Alex no respondió. En cambio, tomó mi mano y la puso sobre el dibujo. La pintura estaba ligeramente levantada, como si alguien la hubiera acariciado demasiado.
—Aquí no mentimos —dijo finalmente—. Por eso duele tanto.
Esa noche, en mi apartamento, abrí mi cuaderno negro y escribí:
"Hoy conocí a un hombre que colecciona latidos ajenos porque no puede encontrar el suyo propio."

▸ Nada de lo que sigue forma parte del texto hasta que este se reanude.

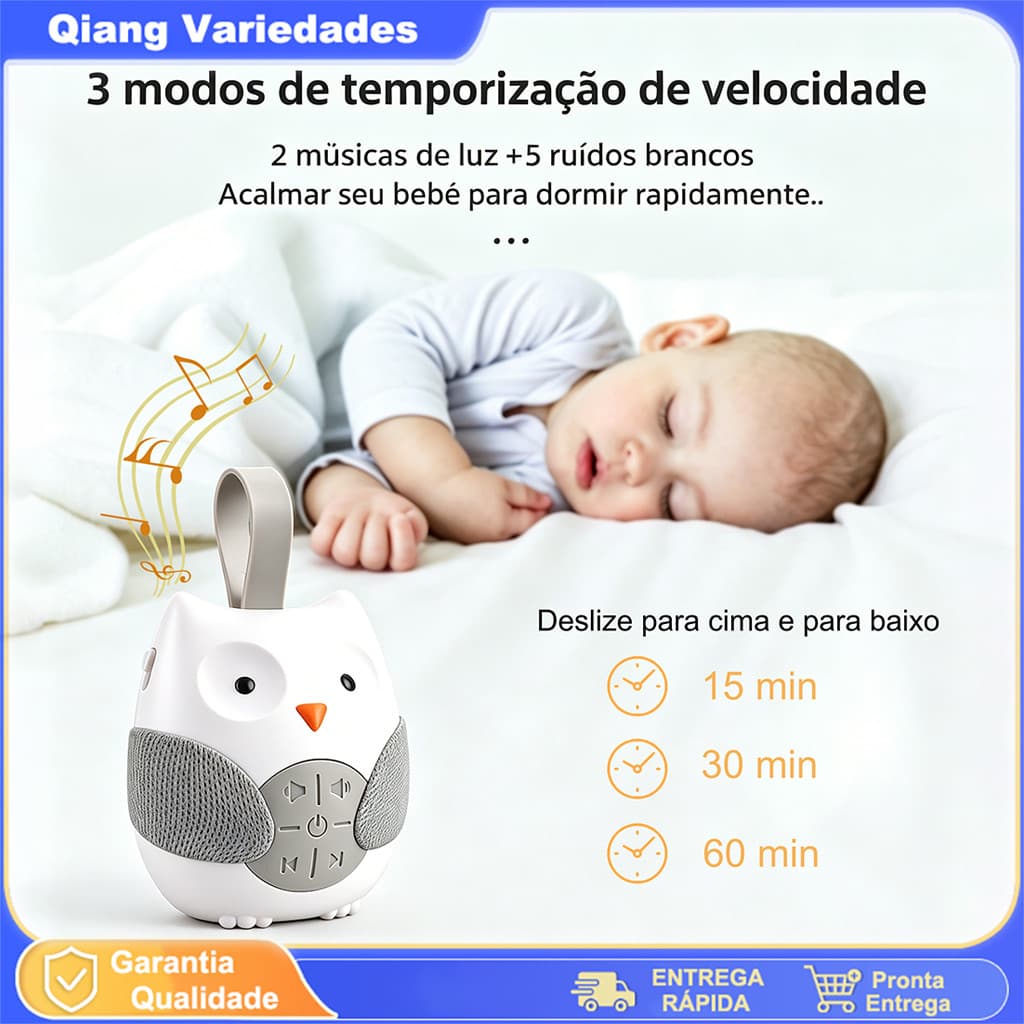 Móbile Coruja Para Berço Com Ruído Branco E Música Bebê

Mi teléfono vibró. Un mensaje de Alex:
"Para la próxima: te toca mostrarme tu lugar favorito. Regla #2: no valen bibliotecas. Ya sé que te gustan."
Sonreí contra mi voluntad y respondí:
"Prepárate para perder el control. Yo no juego con reglas."
Apagué la luz y dejé que la oscuridad absorbiera el sonido de mi corazón acelerado. Alex Chaves ya no era solo un intruso en mis poemas. Se estaba convirtiendo en el protagonista de una historia que no sabía si estaba lista para contar.
Pero por primera vez en años, cada latido irregular me recordaba que todavía estaba viva. Y quizás, solo quizás, eso bastara por ahora.